In [3]: unsignedToSigned(5, 1)
Out[3]: 5


In [4]: signedToUnsigned(5, 1)
Out[4]: 5


In [5]: unsignedToSigned(0xFF, 1)
Out[5]: -1


In [6]: signedToUnsigned(0xFF, 1)
---------------------------------------------------------------------------
OverflowError                             Traceback (most recent call last)
Input In [6], in <cell line: 1>()
----> 1 signedToUnsigned(0xFF, 1)


Input In [1], in signedToUnsigned(n, byte_count)
4 def signedToUnsigned(n, byte_count):
----> 5   return int.from_bytes(n.to_bytes(byte_count, 'little', signed=True), 'little', signed=False)

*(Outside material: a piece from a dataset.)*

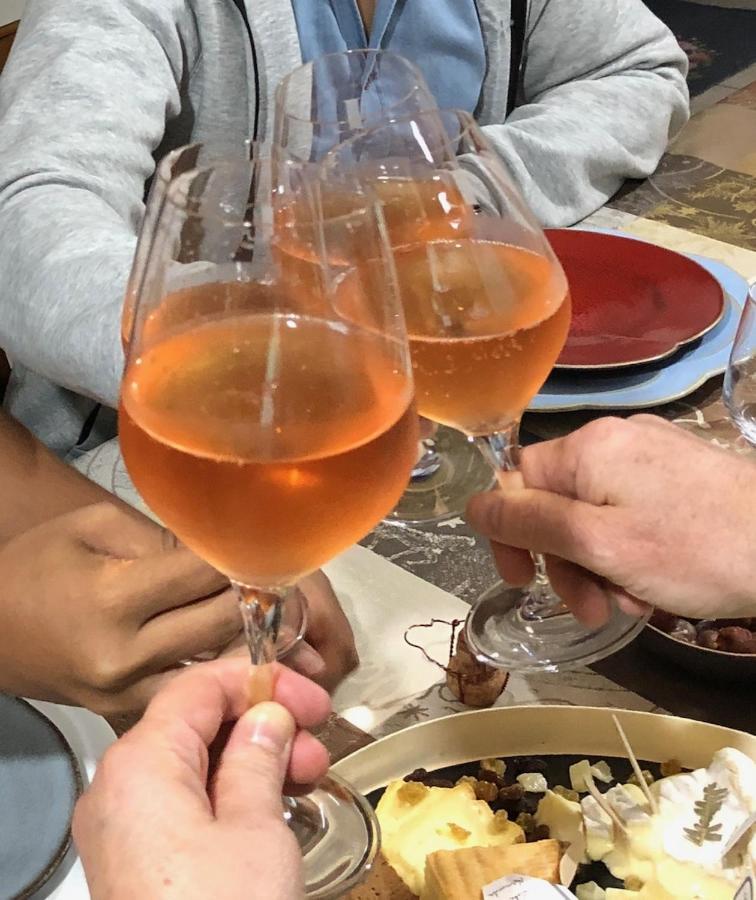 Les Suites Champenoises Tinqueux Εξωτερικό φωτογραφία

OverflowError: int too big to convert


In [7]: signedToUnsigned(-1, 1)
Out[7]: 255

Explanations : to/from_bytes convert to/from bytes, in 2's complement considering the number as one of size byte_count * 8 bits. In C/C++, chances are you should pass 4 or 8 as byte_count for respectively a 32 or 64 bit number (the int type). I first pack the input number in the format it is supposed to be from (using the signed argument to control signed/unsigned), then unpack to the format we would like it to have been from. And you get the result.

Note the Exception when trying to use fewer bytes than required to represent the number (In [6]). 0xFF is 255 which can't be represented using a C's char type (-128 ≤ n ≤ 127). This is preferable to any other behavior.